Rosetta spacecraft wakes up after 31-month hiatus
Rosetta, the comet-chasing space probe launched by the European Space Agency a decade ago, has woken up from a 31-month long hibernation.
London: Rosetta, the comet-chasing space probe launched by the European Space Agency a decade ago, has woken up from a 31-month long hibernation.
The mission operators heard from the distant spacecraft for the first time in 31 months Jan 20, said a press release from the European Space Agency (ESA).
Since its launch in 2004, Rosetta is chasing down a Comet named `67P/Churyumov-Gerasimenko`.
Operating on solar energy, Rosetta was placed into a deep space slumber in June 2011 as it cruised out to a distance of nearly 800 million km from the warmth of the sun - beyond the orbit of jupiter, said the release.
Now, as Rosetta`s orbit has brought it back to within `only` 673 million km from the sun, there is enough solar energy to power the spacecraft fully again.

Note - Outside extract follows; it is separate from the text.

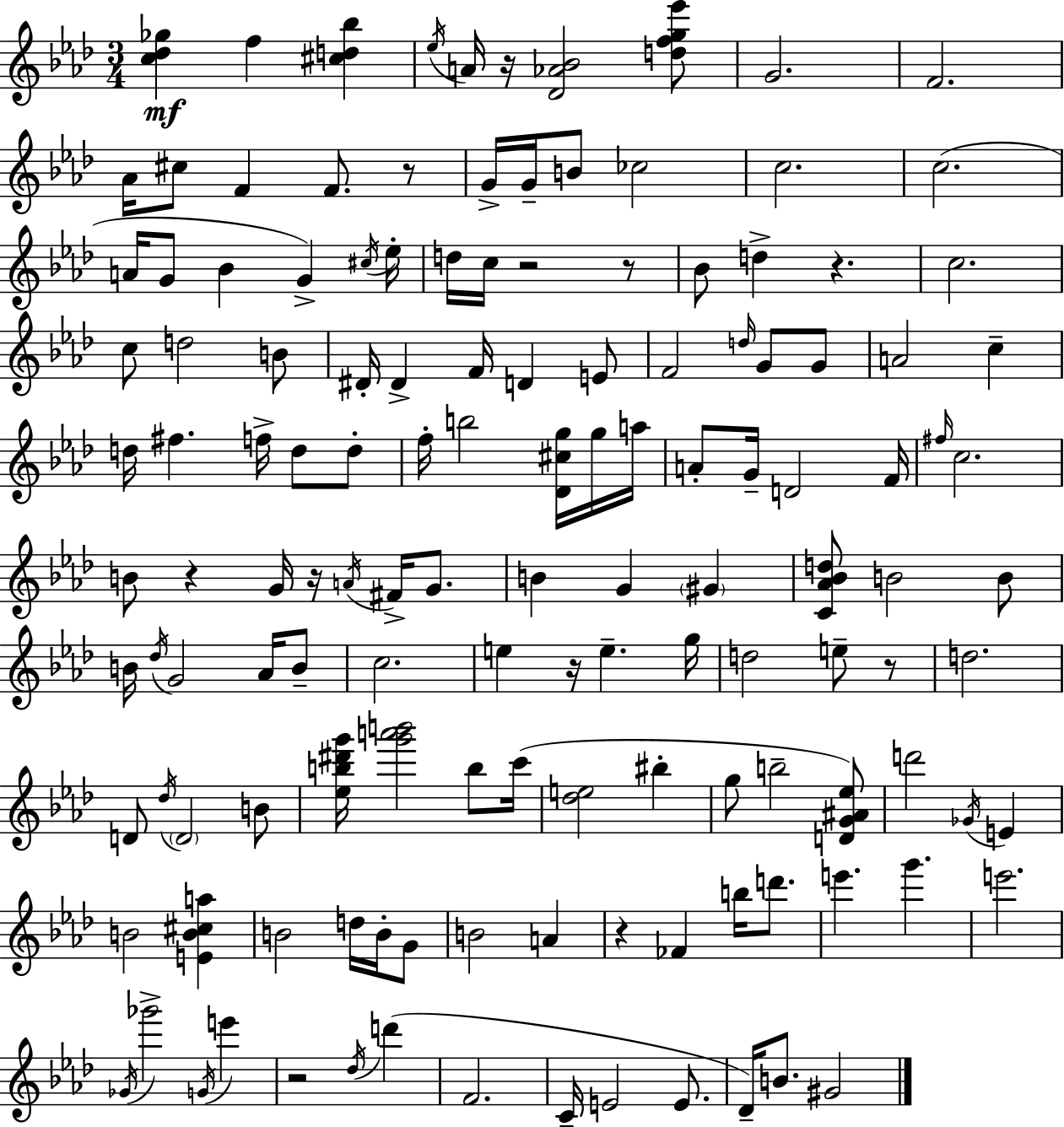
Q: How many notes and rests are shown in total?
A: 137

Still about 9 million-km from the comet, Rosetta`s pre-programmed internal `alarm clock` has woken up the spacecraft.
After warming up its key navigation instruments, Rosetta sent a signal to let mission operators know it had survived the most distant part of its journey.
“We have our comet-chaser back,” Alvaro Giménez, ESA`s director of science and robotic exploration, was quoted as saying.
“With Rosetta, we would take comet exploration to a new level,” he added.
Towards the end of May this year, the spacecraft would execute a major manoeuvre to line up for its critical rendezvous with the comet in August.